╔══
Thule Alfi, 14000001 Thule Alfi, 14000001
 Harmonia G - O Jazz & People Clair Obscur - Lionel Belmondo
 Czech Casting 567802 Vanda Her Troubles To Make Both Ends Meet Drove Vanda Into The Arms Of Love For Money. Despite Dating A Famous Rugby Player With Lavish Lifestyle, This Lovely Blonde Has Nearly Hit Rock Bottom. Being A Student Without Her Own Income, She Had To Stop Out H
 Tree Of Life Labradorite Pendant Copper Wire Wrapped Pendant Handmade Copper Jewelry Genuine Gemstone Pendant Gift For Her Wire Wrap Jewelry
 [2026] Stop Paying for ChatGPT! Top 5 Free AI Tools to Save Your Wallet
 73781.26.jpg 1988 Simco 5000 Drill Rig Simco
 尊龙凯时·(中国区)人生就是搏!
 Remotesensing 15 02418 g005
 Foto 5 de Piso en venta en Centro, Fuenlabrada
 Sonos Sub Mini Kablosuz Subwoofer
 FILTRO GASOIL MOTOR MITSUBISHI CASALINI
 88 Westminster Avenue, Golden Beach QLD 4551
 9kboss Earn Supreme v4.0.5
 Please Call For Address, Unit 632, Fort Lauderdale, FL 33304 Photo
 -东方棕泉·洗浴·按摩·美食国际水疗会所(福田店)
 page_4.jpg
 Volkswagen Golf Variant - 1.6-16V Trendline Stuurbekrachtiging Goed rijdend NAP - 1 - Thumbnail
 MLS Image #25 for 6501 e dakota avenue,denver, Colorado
╚══
Directions for this task:
Please copy out every entry word for word.

Answer space:
Thule Alfi, 14000001 Thule Alfi, 14000001
 Harmonia G - O Jazz & People Clair Obscur - Lionel Belmondo
 Czech Casting 567802 Vanda Her Troubles To Make Both Ends Meet Drove Vanda Into The Arms Of Love For Money. Despite Dating A Famous Rugby Player With Lavish Lifestyle, This Lovely Blonde Has Nearly Hit Rock Bottom. Being A Student Without Her Own Income, She Had To Stop Out H
 Tree Of Life Labradorite Pendant Copper Wire Wrapped Pendant Handmade Copper Jewelry Genuine Gemstone Pendant Gift For Her Wire Wrap Jewelry
 [2026] Stop Paying for ChatGPT! Top 5 Free AI Tools to Save Your Wallet
 73781.26.jpg 1988 Simco 5000 Drill Rig Simco
 尊龙凯时·(中国区)人生就是搏!
 Remotesensing 15 02418 g005
 Foto 5 de Piso en venta en Centro, Fuenlabrada
 Sonos Sub Mini Kablosuz Subwoofer
 FILTRO GASOIL MOTOR MITSUBISHI CASALINI
 88 Westminster Avenue, Golden Beach QLD 4551
 9kboss Earn Supreme v4.0.5
 Please Call For Address, Unit 632, Fort Lauderdale, FL 33304 Photo
 -东方棕泉·洗浴·按摩·美食国际水疗会所(福田店)
 page_4.jpg
 Volkswagen Golf Variant - 1.6-16V Trendline Stuurbekrachtiging Goed rijdend NAP - 1 - Thumbnail
 MLS Image #25 for 6501 e dakota avenue,denver, Colorado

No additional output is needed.